(What is expected):
Look in the listing below for the line that has "Kit pastiglie freno, Freno", then return it and each following line up to and including the one with "오뚜기 아임스틱 사과쨈, 2개, 200g", exactly and without pictures.

(Data shown):

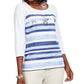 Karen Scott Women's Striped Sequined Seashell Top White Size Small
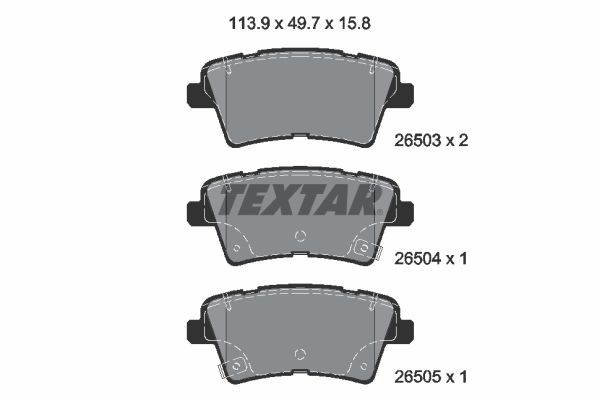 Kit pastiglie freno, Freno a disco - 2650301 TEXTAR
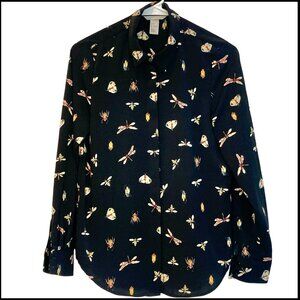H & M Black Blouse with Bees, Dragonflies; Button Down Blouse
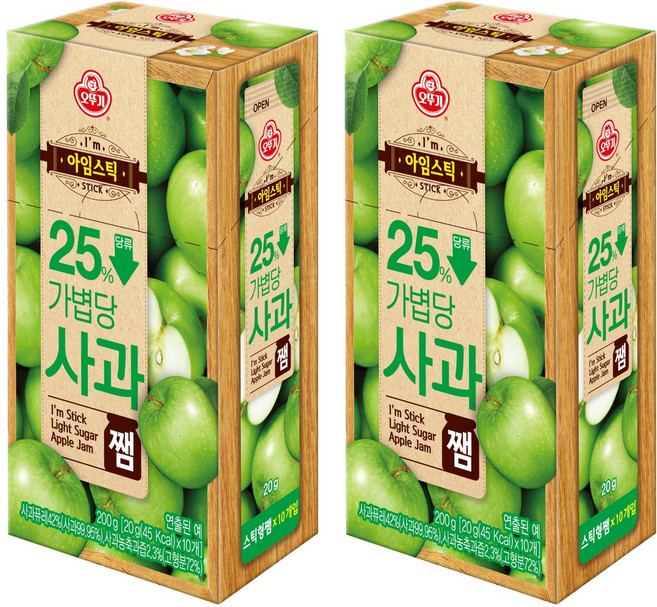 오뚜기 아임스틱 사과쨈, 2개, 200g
--
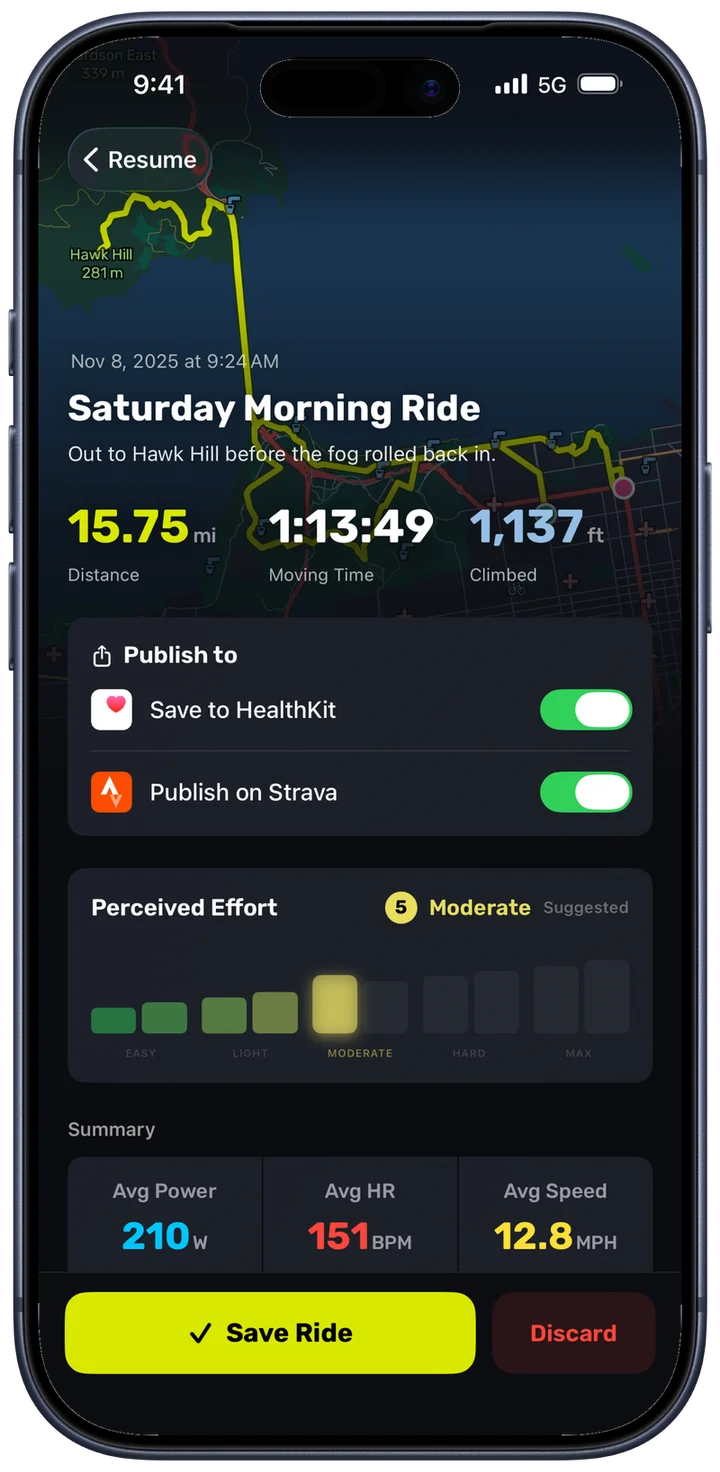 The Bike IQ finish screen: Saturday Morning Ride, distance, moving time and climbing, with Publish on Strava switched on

(Result of this task):
 Kit pastiglie freno, Freno a disco - 2650301 TEXTAR
H & M Black Blouse with Bees, Dragonflies; Button Down Blouse
 오뚜기 아임스틱 사과쨈, 2개, 200g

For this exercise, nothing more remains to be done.